Let $F:\Bbb R^m \times \Bbb R^n \rightarrow \Bbb R^n$, $F(x,y)=0$, and let $y=G(x)$.
If we have that $F(x,G(x))=0$, then by the chain rule we can get $D_x f +D_y f \ D_xG$ where $D_x$ Denotes the Jacobi matrix (with respect to the subscript).
Could someone explain this to me? I guess I am getting confused because, to me, $F(x, G(x))$ is not $F$ composed with $G$, so I don't quite see how to apply the chain rule.
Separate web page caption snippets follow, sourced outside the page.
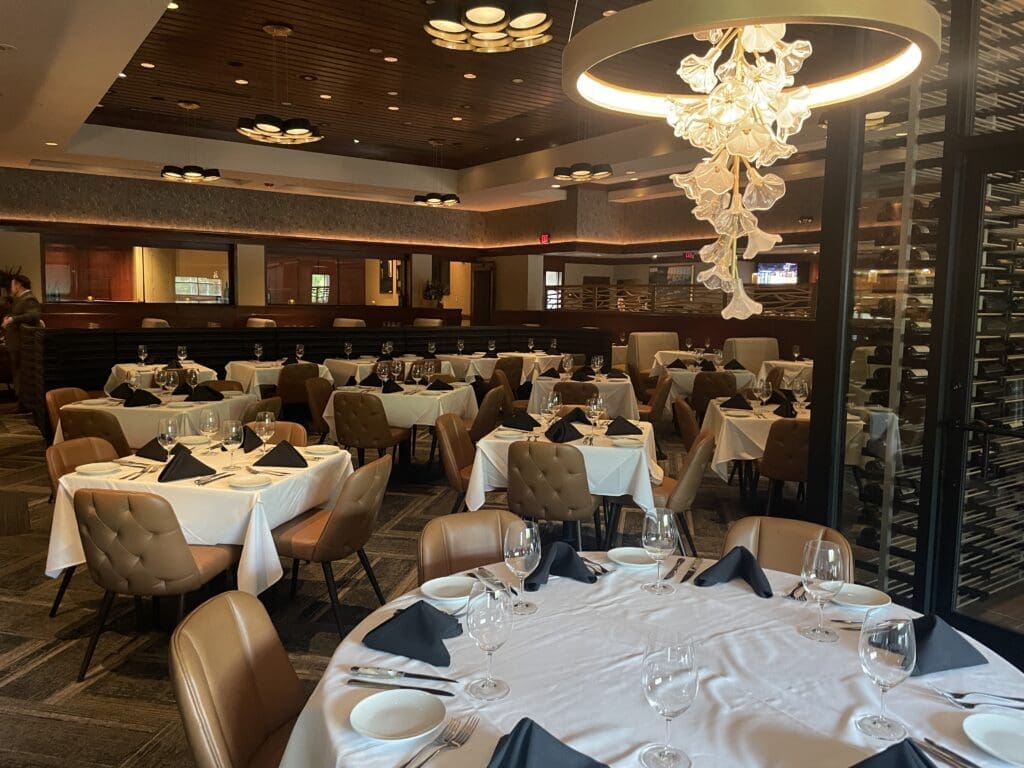 The Woodlands Fleming's floral chandelier adds to the Texas feel, next to the new glass wine area.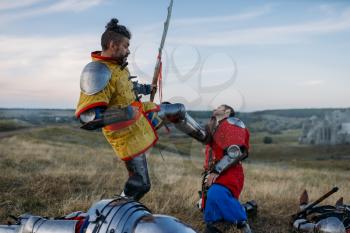 Old medieval knight in armor prepares to cut off head, great battle. Armored ancient warrior in armour posing in the field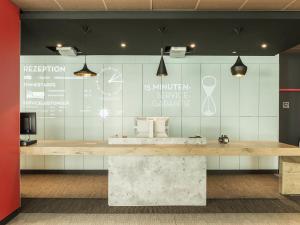 a counter in a room with a sign on the wall at Ibis Muenchen City Ost in Munich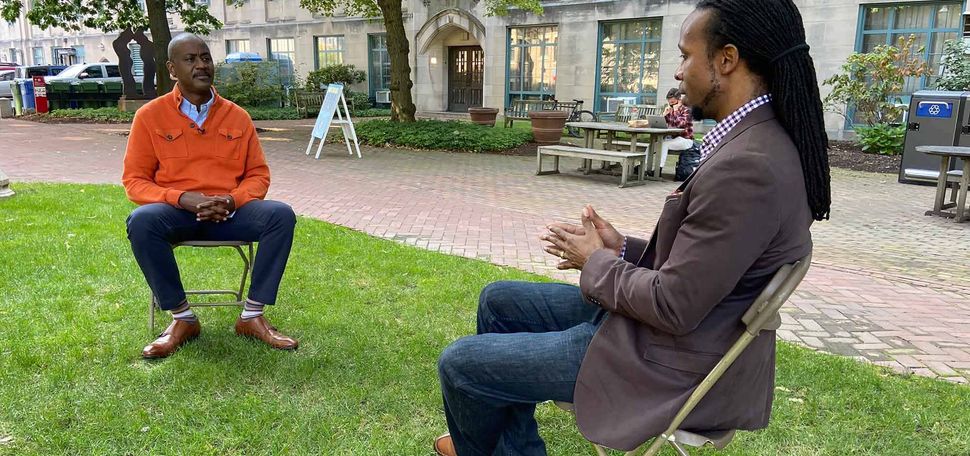 Otis Rolley III, Senior Vice President, U.S. Equity and Economic Opportunity Initiative at The Rockefeller Foundation, and Ibram X. Kendi, Director and Founder of the Boston University Center for Antiracist Research, in a discussion outdoors at Boston University. Photo courtesy of The Rockefeller Foundation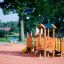 Rubik playhouse with slide in un parco giochi colorato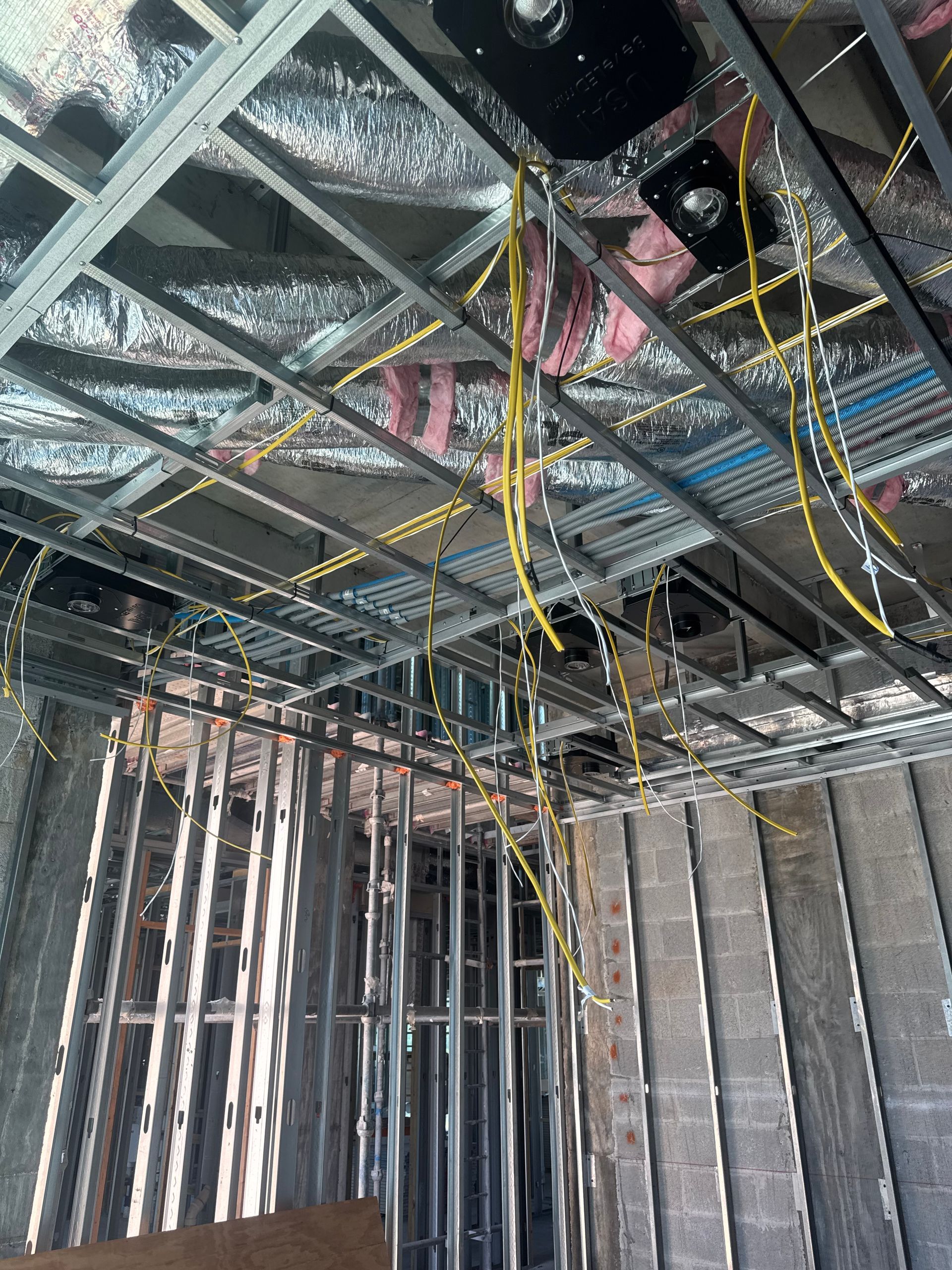 Construction site interior with exposed metal framing, wiring, and insulation.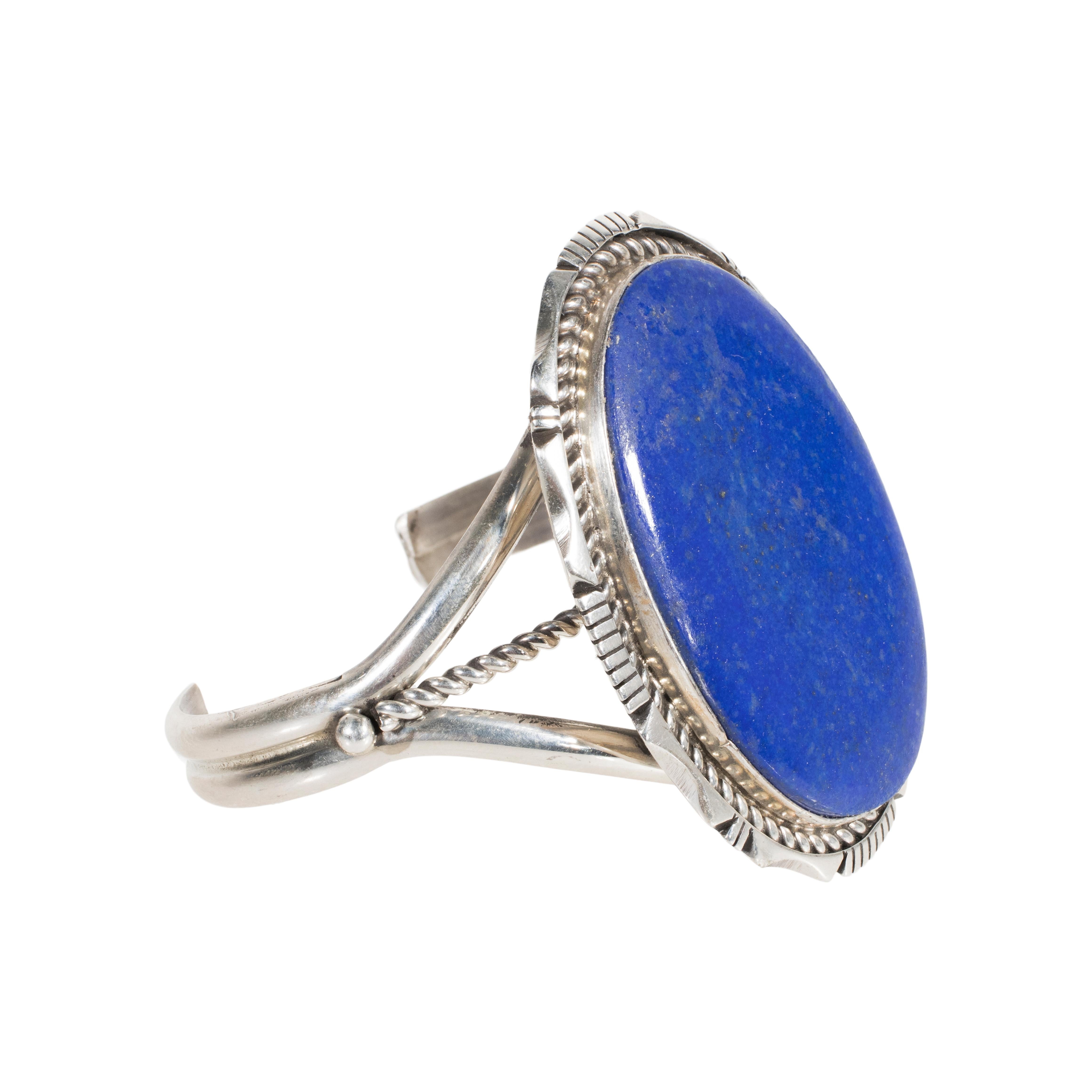 Sterling silver lapis cuff bracelet by Eddie Sacattro. This bracelet has a large oval cut lapis center stone accented with a rope and notched frame. Stamped sterling and hallmarked ES.

PERIOD: Mid 20th Century

ORIGIN: Southwest, United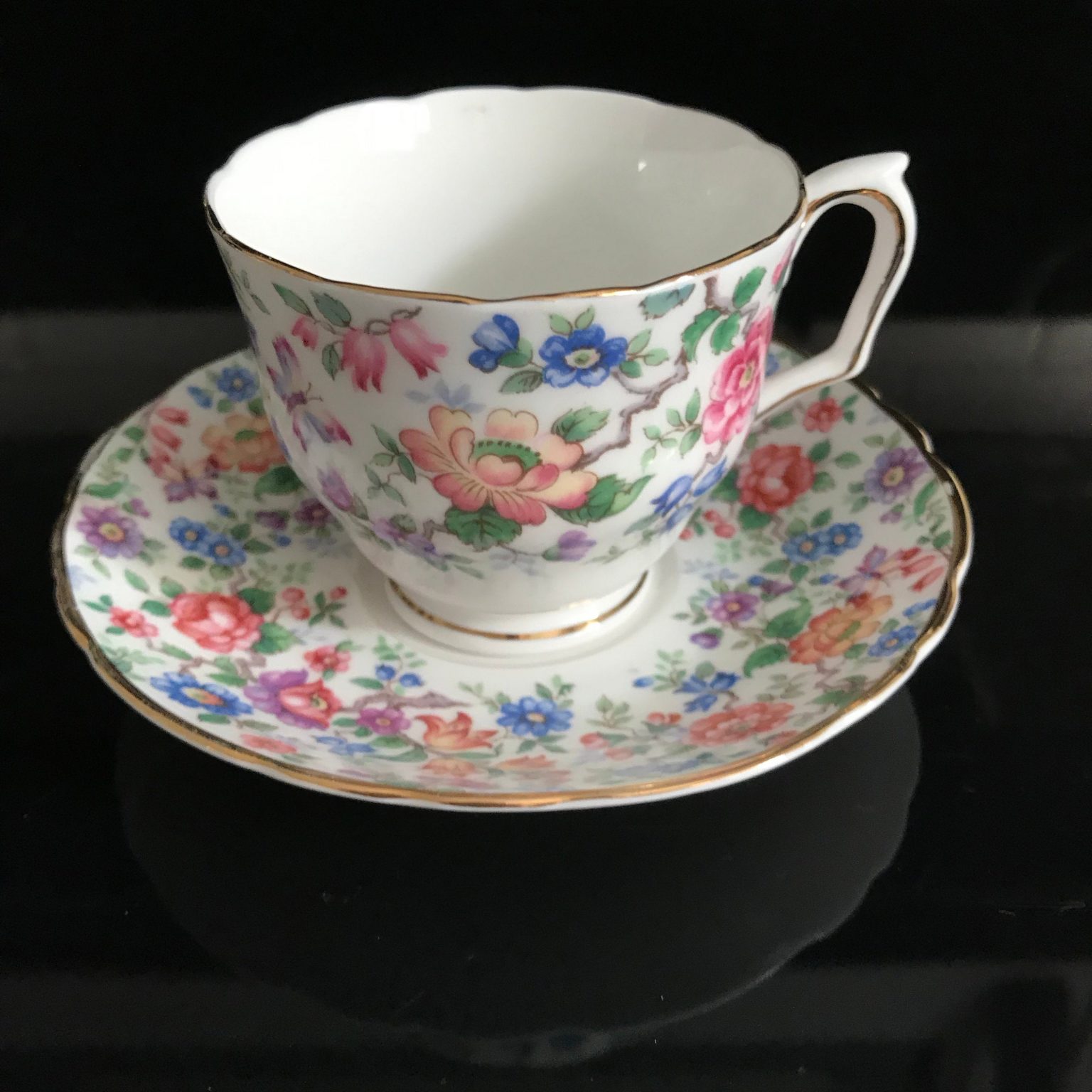 Crown Staffordshire Tea Cup And Saucer England Fine Bone China Pink Purple Blue Flowers Chintz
Or do we assume that $G$ is a $2\times 1$ vector $\left(x, G(x)\right)$?
Thank you.
If you want to see a direct composition, define a function $\Gamma \colon \def\R{\mathbf R}\R^m \to \R^{n} \times \R^{m}$ by $$ \Gamma(x) := \bigl(x, G(x)\bigr) $$ That is, we denote the "$2\times 1$-vector" $(x, G(x))$ (in fact, its an $n+m$-vector) by $\Gamma(x)$. Then applying the chain rule to $F\circ \Gamma(x)$, gives $$ D F\bigl(\Gamma(x)\bigr) D\Gamma(x) = \bigl(D_xF, D_y F) \cdot \binom{{\rm Id}}{D_x G} = D_x F + D_y F\cdot D_x G $$